Thirdly, in the king’s letter, he refers to the “God of Heaven” four times. As a pagan king, we might have expected him to refer to the God of the Jews, yet it seems like he has some notion of God’s power and control over the course of history. God’s power over history and our destinies is still in place. God created each of us with a spiritual dimension. We see so many souls searching for meaning in the modern world, trying to find fulfilment in relationships, wealth, addictions or personal achievements. Others try to find meaning in horoscopes, vague concepts of ‘the universe’ or fortune-telling, always seeking some assurance of their spiritual destiny. The Christian has complete assurance. We can look back to the Old Testament through to the New Testament and to our lives today and see God’s hand at work throughout history. Our experience of God through Jesus Christ isn’t some vague notion or feeling, it is a true, living relationship. We can follow God’s purpose through the Bible, we can trust the Holy Spirit to lead us, we can find comfort and encouragement in prayer.

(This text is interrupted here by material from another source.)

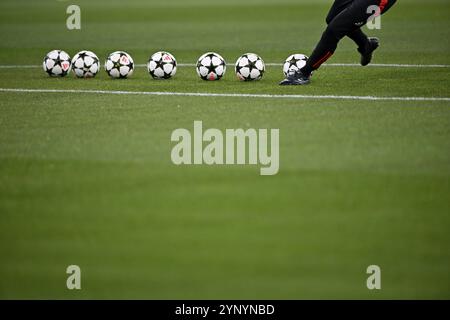 Shoot Practice, Adidas Derbystar Pro Match Balls liegen auf Gras, Champions League, Allianz Arena, München, Bayern, Deutschland, Europa Stockfoto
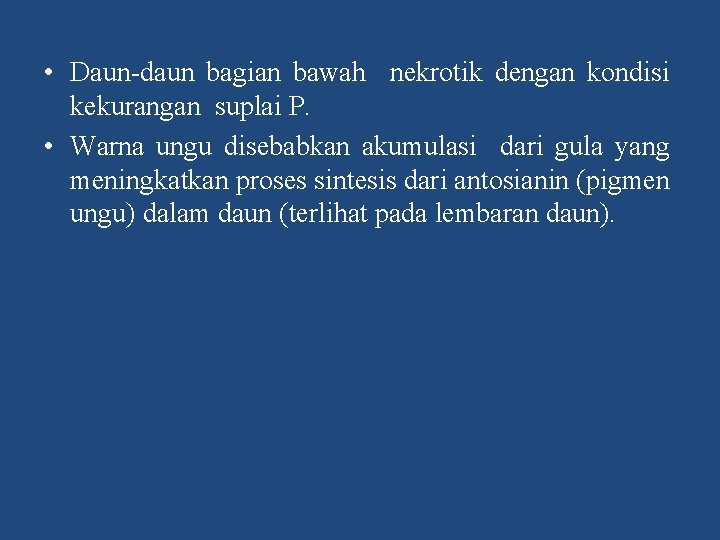  • Daun daun bagian bawah nekrotik dengan kondisi kekurangan suplai P. • Warna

As Christians, we know where our eternal home is and what our spiritual destiny leads to.
Michael P. Green tells the story of a museum guide who would take his tour group to a darkened room, shine a light on a mass of string, color, and apparent chaos and ask the group, “What do you think this is?” “I don’t know,” was the inevitable reply. He would then say, “Stand over there and watch.” As the group moved over to the other side of the room, he would turn on a spotlight. It was instantly apparent that the mass of jumbled colored string seen just a moment earlier was in fact an enormous tapestry—from the back side. The real work had to be seen from a different perspective to understand what the artist was creating. So, it is with God and his ways. We often look at them and ask questions such as “Why?” and “How?” not because there is no purpose in what God is doing, but because we are on the wrong side of eternity to be able to have the perspective that would enable us to see the order and pattern to God’s work.